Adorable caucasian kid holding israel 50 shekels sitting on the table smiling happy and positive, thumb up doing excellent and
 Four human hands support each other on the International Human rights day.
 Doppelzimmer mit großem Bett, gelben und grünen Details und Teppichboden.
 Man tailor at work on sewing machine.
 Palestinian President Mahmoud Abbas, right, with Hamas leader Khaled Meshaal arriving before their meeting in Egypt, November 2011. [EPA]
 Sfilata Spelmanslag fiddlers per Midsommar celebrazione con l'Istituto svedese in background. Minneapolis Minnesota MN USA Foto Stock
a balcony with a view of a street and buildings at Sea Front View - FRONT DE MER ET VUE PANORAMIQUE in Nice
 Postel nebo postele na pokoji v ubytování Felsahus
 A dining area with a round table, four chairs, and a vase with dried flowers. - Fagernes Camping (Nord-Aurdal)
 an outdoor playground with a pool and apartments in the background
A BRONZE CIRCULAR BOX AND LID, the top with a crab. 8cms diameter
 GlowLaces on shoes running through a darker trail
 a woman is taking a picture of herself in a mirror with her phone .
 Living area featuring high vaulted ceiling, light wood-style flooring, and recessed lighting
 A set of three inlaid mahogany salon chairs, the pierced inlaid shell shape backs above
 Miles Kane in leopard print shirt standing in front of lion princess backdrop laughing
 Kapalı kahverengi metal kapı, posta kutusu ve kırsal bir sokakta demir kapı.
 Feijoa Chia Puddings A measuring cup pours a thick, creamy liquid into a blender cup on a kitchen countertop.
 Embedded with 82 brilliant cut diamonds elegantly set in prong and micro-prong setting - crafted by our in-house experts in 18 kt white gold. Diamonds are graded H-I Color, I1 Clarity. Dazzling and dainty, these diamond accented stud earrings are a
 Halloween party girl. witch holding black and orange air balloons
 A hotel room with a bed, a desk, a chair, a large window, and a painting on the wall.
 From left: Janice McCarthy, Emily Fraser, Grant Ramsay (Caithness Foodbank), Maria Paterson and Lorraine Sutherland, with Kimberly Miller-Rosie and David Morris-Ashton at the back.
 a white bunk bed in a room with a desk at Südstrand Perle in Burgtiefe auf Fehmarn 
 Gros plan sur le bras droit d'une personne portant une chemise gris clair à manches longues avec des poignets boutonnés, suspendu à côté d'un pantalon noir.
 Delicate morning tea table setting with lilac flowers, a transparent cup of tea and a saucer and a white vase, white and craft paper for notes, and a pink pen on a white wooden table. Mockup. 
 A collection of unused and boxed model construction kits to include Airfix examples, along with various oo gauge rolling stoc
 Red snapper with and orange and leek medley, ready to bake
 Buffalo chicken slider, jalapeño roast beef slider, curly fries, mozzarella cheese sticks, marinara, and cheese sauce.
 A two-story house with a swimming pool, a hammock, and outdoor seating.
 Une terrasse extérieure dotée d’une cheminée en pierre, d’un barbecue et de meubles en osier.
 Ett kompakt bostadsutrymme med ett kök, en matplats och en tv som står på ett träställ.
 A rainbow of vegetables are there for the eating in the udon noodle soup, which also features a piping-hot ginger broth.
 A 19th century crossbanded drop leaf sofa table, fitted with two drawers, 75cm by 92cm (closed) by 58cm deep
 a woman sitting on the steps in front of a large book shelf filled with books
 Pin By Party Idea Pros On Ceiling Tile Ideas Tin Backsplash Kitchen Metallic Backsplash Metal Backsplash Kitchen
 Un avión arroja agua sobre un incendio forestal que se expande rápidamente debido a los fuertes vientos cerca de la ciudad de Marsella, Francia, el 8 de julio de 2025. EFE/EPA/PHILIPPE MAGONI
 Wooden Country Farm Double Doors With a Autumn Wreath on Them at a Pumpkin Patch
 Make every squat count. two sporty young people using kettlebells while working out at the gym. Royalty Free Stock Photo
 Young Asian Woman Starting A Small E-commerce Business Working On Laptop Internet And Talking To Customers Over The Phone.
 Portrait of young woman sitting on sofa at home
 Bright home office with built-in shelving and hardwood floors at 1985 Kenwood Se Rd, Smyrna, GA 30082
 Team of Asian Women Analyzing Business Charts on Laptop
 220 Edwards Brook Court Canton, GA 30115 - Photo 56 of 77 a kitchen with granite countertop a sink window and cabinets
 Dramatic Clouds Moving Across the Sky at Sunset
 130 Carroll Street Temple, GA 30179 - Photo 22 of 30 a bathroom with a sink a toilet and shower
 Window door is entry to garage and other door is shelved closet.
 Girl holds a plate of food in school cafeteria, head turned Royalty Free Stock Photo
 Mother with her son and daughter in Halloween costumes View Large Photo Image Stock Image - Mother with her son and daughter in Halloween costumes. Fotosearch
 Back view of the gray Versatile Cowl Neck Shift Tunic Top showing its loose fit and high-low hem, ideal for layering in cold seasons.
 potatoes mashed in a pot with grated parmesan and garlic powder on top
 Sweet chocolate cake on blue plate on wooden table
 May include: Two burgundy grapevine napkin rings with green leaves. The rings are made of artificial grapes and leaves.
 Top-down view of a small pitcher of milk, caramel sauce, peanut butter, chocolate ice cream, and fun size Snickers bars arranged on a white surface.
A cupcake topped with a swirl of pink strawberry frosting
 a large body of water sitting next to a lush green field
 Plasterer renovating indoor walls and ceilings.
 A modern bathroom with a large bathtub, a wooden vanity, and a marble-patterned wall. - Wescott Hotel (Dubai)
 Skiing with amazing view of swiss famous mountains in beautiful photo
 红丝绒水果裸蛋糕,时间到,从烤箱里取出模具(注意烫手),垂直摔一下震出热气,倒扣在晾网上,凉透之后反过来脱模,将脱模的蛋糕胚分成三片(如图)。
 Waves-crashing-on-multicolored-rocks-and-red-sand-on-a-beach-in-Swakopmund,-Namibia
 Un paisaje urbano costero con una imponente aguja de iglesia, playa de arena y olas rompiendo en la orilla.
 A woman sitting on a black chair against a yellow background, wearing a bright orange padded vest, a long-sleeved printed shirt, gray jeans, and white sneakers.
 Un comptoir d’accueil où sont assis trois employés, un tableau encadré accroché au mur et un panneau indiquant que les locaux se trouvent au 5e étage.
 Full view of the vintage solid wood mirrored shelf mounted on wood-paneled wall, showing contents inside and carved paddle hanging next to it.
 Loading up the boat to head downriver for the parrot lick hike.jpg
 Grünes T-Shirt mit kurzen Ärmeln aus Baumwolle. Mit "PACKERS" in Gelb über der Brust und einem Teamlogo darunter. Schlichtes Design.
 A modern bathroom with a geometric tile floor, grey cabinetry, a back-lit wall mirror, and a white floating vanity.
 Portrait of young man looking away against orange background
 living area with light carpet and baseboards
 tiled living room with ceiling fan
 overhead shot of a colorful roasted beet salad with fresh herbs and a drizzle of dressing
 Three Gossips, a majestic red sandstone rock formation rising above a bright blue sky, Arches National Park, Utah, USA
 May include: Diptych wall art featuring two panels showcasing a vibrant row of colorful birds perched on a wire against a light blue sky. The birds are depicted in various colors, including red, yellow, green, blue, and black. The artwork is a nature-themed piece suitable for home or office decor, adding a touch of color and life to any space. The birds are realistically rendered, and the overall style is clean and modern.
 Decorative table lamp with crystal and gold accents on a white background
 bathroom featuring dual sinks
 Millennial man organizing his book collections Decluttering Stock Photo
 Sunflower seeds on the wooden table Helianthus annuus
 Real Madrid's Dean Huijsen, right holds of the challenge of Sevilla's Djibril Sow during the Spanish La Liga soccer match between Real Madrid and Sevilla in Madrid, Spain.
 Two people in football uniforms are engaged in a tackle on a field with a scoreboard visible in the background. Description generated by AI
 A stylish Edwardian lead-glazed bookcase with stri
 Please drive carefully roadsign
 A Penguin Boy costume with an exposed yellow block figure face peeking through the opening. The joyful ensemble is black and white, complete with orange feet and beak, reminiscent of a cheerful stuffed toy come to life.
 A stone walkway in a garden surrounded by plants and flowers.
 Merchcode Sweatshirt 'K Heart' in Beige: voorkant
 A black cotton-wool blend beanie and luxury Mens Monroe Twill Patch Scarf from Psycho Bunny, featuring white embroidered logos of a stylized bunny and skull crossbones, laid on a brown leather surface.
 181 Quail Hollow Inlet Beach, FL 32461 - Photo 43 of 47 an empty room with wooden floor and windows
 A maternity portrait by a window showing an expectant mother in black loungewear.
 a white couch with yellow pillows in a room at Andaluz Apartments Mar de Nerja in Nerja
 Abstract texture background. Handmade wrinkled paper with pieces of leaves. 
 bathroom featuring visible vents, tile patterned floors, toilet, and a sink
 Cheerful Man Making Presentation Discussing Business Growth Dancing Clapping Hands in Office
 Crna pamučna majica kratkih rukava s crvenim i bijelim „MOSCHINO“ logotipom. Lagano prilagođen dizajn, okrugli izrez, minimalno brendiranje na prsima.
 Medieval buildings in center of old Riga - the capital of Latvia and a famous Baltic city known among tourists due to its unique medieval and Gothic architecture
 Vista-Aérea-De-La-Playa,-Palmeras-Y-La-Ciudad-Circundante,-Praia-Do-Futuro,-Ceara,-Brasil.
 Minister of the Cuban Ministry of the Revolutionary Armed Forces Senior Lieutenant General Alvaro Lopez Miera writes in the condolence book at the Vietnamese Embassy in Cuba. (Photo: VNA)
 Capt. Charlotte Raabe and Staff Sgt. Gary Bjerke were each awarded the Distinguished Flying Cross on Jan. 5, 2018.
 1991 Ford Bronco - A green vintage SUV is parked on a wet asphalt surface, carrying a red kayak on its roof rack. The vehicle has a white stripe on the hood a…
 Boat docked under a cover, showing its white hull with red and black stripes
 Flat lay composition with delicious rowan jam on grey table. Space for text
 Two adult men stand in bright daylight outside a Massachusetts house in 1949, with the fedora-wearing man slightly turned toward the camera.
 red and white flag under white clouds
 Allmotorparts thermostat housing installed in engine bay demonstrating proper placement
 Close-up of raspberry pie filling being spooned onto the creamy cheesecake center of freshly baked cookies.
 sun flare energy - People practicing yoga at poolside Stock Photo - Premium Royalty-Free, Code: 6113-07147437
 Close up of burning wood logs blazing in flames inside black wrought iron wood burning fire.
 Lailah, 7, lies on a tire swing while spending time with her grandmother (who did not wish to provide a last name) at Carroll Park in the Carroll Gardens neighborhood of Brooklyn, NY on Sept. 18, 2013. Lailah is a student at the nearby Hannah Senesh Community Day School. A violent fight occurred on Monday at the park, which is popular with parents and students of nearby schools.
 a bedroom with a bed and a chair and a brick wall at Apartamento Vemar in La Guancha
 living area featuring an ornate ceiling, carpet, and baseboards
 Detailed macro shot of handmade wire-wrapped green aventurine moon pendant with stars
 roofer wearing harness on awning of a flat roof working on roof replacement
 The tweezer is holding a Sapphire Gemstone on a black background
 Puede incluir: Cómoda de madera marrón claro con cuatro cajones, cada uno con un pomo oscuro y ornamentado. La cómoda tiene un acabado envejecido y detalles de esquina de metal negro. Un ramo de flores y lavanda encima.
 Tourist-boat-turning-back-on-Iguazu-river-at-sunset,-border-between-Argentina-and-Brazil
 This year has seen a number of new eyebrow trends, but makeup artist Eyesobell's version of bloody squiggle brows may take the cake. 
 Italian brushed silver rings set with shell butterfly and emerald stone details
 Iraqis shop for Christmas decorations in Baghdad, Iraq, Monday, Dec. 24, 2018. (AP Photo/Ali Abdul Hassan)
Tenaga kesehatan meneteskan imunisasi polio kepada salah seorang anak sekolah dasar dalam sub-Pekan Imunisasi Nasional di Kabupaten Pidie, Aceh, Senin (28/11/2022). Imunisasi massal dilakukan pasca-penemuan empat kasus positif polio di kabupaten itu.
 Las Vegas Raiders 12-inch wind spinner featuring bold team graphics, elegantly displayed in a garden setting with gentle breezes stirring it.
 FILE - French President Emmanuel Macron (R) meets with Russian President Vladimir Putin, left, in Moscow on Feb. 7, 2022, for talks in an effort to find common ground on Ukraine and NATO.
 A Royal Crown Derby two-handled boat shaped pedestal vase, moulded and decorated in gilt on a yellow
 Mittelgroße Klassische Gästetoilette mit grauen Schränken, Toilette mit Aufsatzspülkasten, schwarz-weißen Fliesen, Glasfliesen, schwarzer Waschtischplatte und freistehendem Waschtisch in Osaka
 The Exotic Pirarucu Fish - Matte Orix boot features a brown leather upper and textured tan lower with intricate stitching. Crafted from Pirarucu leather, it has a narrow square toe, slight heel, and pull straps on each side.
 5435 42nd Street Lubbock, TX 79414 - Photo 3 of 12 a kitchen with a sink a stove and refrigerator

**EXERCISE**
Give back, unchanged, the run of lines in the listing above that begins at the line containing "Girl holds a" and ends at the line containing "Plasterer renovating indoor", both included.

**RESULT**
 Girl holds a plate of food in school cafeteria, head turned Royalty Free Stock Photo
 Mother with her son and daughter in Halloween costumes View Large Photo Image Stock Image - Mother with her son and daughter in Halloween costumes. Fotosearch
 Back view of the gray Versatile Cowl Neck Shift Tunic Top showing its loose fit and high-low hem, ideal for layering in cold seasons.
 potatoes mashed in a pot with grated parmesan and garlic powder on top
 Sweet chocolate cake on blue plate on wooden table
 May include: Two burgundy grapevine napkin rings with green leaves. The rings are made of artificial grapes and leaves.
 Top-down view of a small pitcher of milk, caramel sauce, peanut butter, chocolate ice cream, and fun size Snickers bars arranged on a white surface.
A cupcake topped with a swirl of pink strawberry frosting
 a large body of water sitting next to a lush green field
 Plasterer renovating indoor walls and ceilings.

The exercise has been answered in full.